The dirty secret of CAP is that the choice is rarely system-wide. It is per-request, per-table, sometimes per-field.

  • Strong consistency for money, eventual for likes. A payment ledger needs linearizable writes. A counter showing how many people liked a post does not. Mixing models inside one product is normal.
  • Read-your-writes is often enough. Full linearizability is expensive. Session-level guarantees (“this user sees their own writes immediately”) cover most UX needs at a fraction of the coordination cost.
  • CRDTs change the conversation. Conflict-free replicated data types let you accept writes everywhere and merge deterministically. Great for shopping carts, counters, presence. Bad for anything that needs a unique constraint.
  • Availability is not uptime. A CP system can be “up” 99.99% and still reject writes during a partition. To users that looks like a partial outage. Make sure your SLO captures what you actually care about.

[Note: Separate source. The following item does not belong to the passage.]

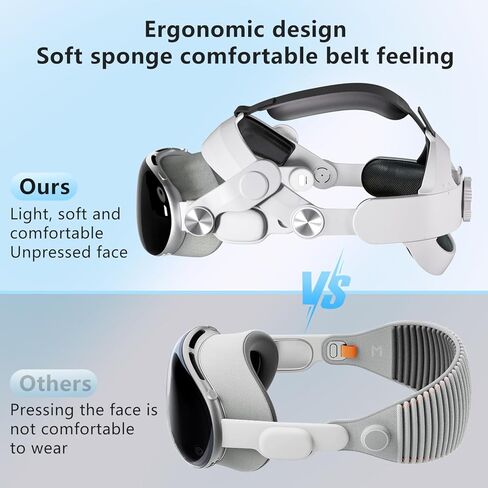 Head Strap for Apple Vision Pro, Comfort Elite Strap with PU Leather Cushion and Memory Foam, Pressure-Free Fit, Quick Installation in Saudi Arabia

The biggest mistake I see: treating CAP as a one-time architectural choice. Real systems mix CP and AP components and route requests to the right backend based on the feature’s tolerance.

Practical Tips

  1. Classify each feature by consistency need. Write a one-line policy: “checkout requires linearizable reads; product recommendations are eventual.”
  2. Use the strongest store that meets your latency budget. If a CP database fits, use it. Eventual consistency adds engineering tax everywhere downstream.
  3. Measure partition rate. If your inter-AZ link partitions for 30 seconds once a quarter, AP might be overkill. If you operate across continents, you will see partitions weekly.
  4. Design the degraded mode. What does the UI show when writes are rejected? A clear “saving failed, retry” message is better than silently dropping data.
  5. Beware split-brain reconciliation. AP systems require merge logic. If your merge is “last write wins”, you will lose data. Use vector clocks, CRDTs, or explicit conflict resolution.
  6. Document your guarantees. Tell your callers exactly what they get: linearizable, sequential, causal, eventual. Vagueness invites bugs at the boundary.

Wrap-up

CAP is a forcing function for honesty. It says you cannot pretend distributed systems behave like a single machine. Once you accept that partitions happen, you start designing for the choice instead of pretending it does not exist. Pick the strongest consistency you can afford for each feature, document what you promise, and design the failure mode as carefully as the happy path. The systems that survive at scale are the ones whose authors took CAP literally.